Technology has opened up new ways to communicate, I spend most of my days either on a video chat or a chat room talking, troubleshooting and fixing issues all across the world. I speak with senior leadership, vendors, colleagues, customers all from a simple chat room or video call. Five years ago, I avoided going into a meeting room with so many people. I would look for ways out, or just pray they didn’t ask me to speak out aloud.

The people I speak with daily now have no idea how tall I am, they have know idea how wide I am (LOL) they don’t judge me by what I look like, what I wear or how I stand they judge me but what I say and do. They judge me by my content and that is all an introvert wants. They don’t want to be put up in front of everyone like a statue to admire, they just want to contribute and be the quiet achiever.

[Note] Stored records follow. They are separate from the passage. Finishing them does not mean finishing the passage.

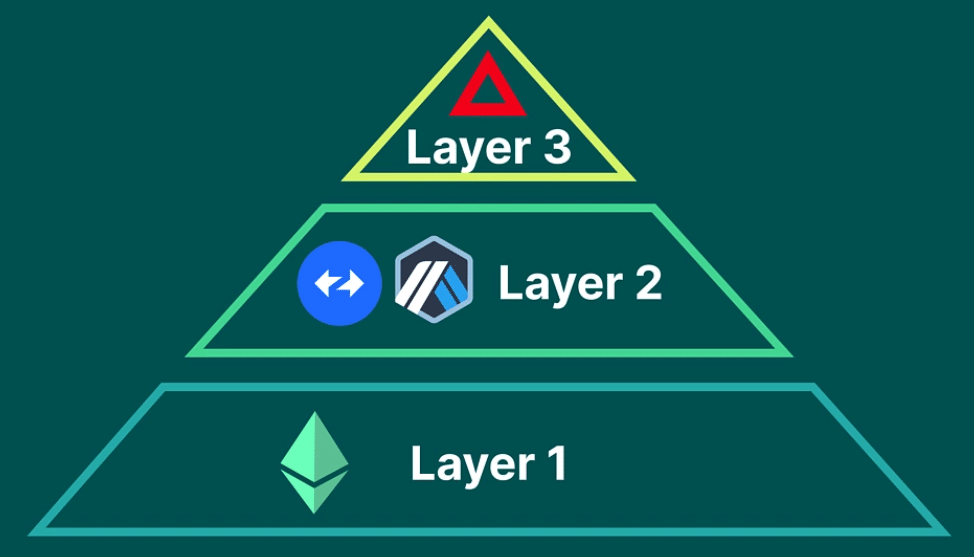 xai layer 3 architecture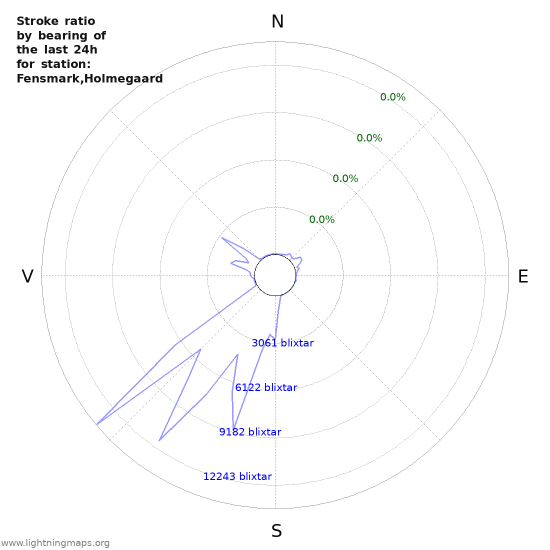 Grafer: Stroke ratio by bearing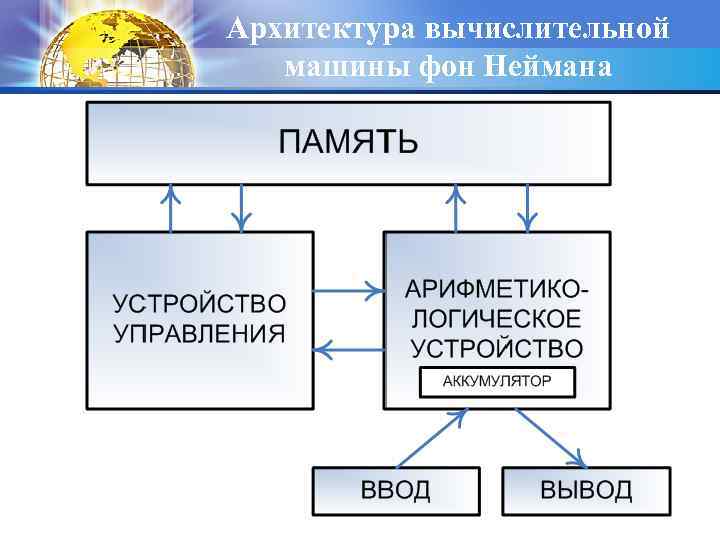 Архитектура вычислительной машины фон Неймана 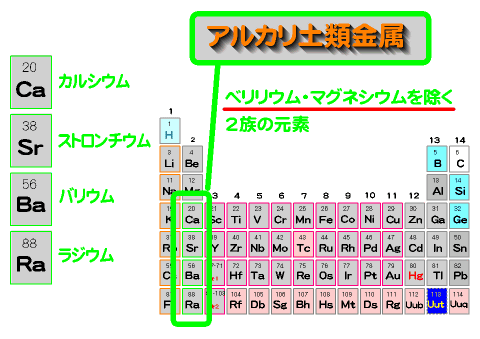 ベリリウム、マグネシウムを除く２族の元素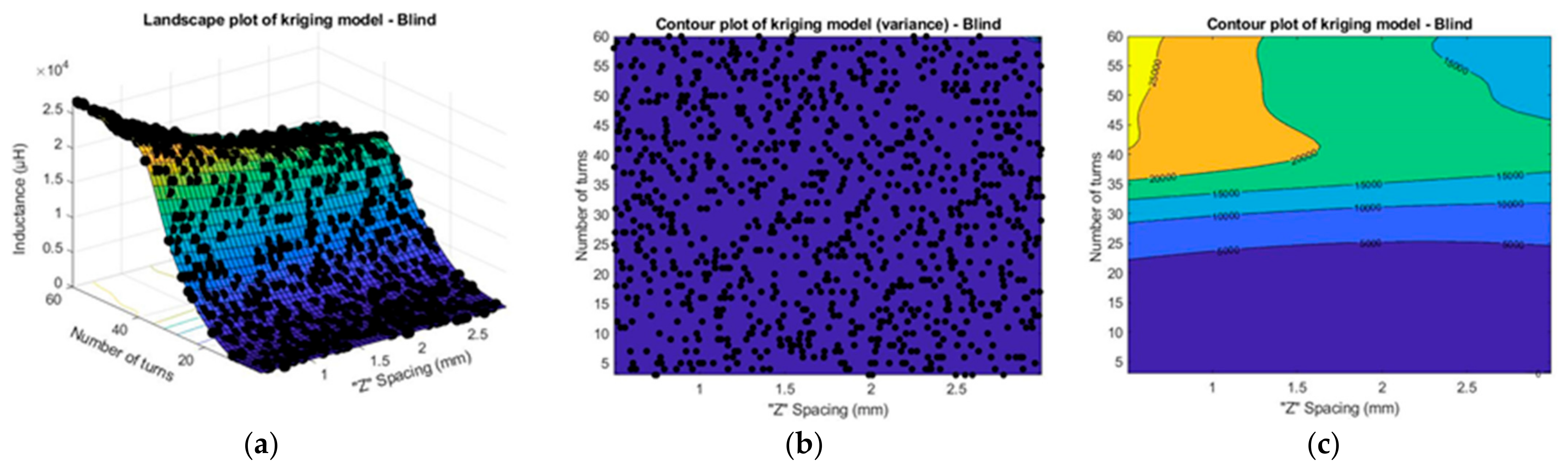 Electronics 10 00721 g009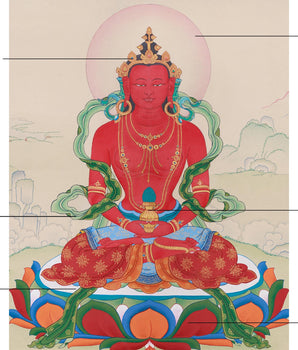 Hand-Painted Buddha Amitayus Thangka | Symbol of Long Life and Enlightened Grace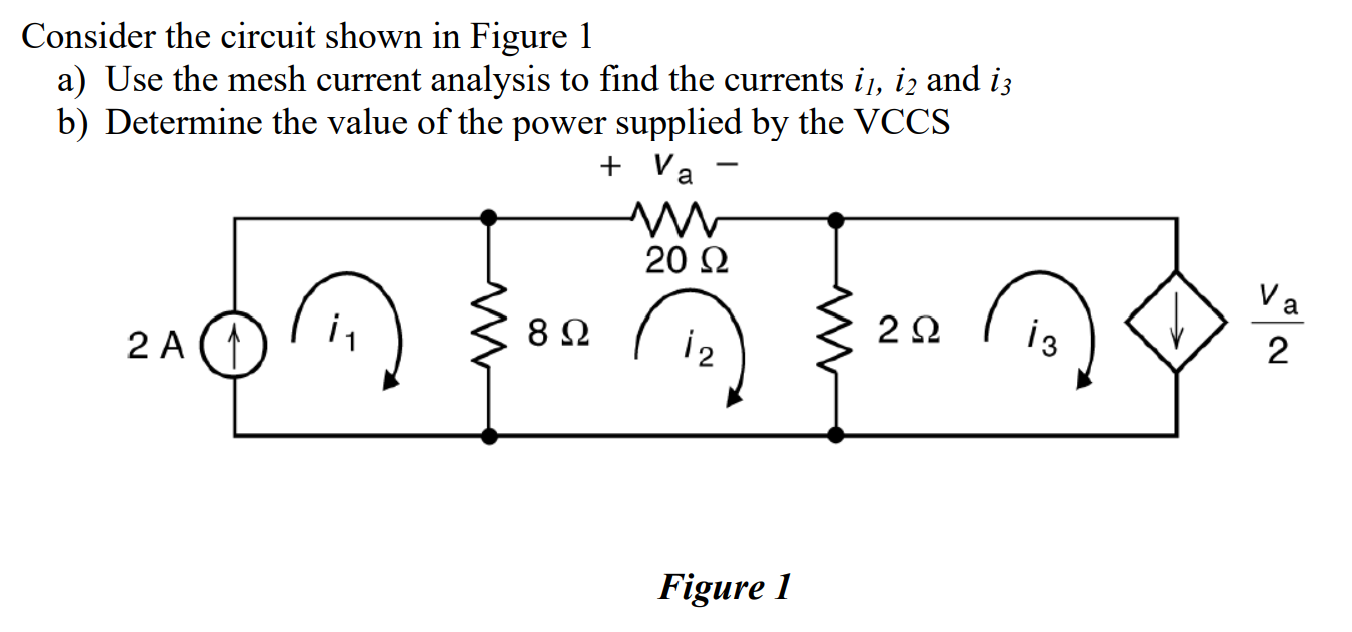 Solved Consider the circuit shown in Figure 1 a) Use the | Chegg.com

Granted some people like the sink or swim approach, but with mental health at the forefront we need to find the triggers and ask each of our employees, if they are willing to share, what they can and cannot do. We then guide them, teach them and help nurture their talents in a safe environment. Not everyone has the stomach for this manufactured and down right unnatural environment we call the corporate world.

In this work from home world, the introverts will rise. Now they can achieve their potential, in a safe environment equipped with the confidence of experience when we finally return face to face.

Last but not least, this is usually a technical blog so if you are working on SDWAN and using Internet transports, make sure your ISP is giving you the best possible path internationally to avoid latency and packet loss. Australia to Japan via the US ain’t the best path :-).

~Brad.

Please NoteOpinions expressed are my own.

This disclaimer informs readers that the views, thoughts, and opinions expressed in the text belong solely to the author, and not necessarily to the author’s employer, organization, committee or other group or individual.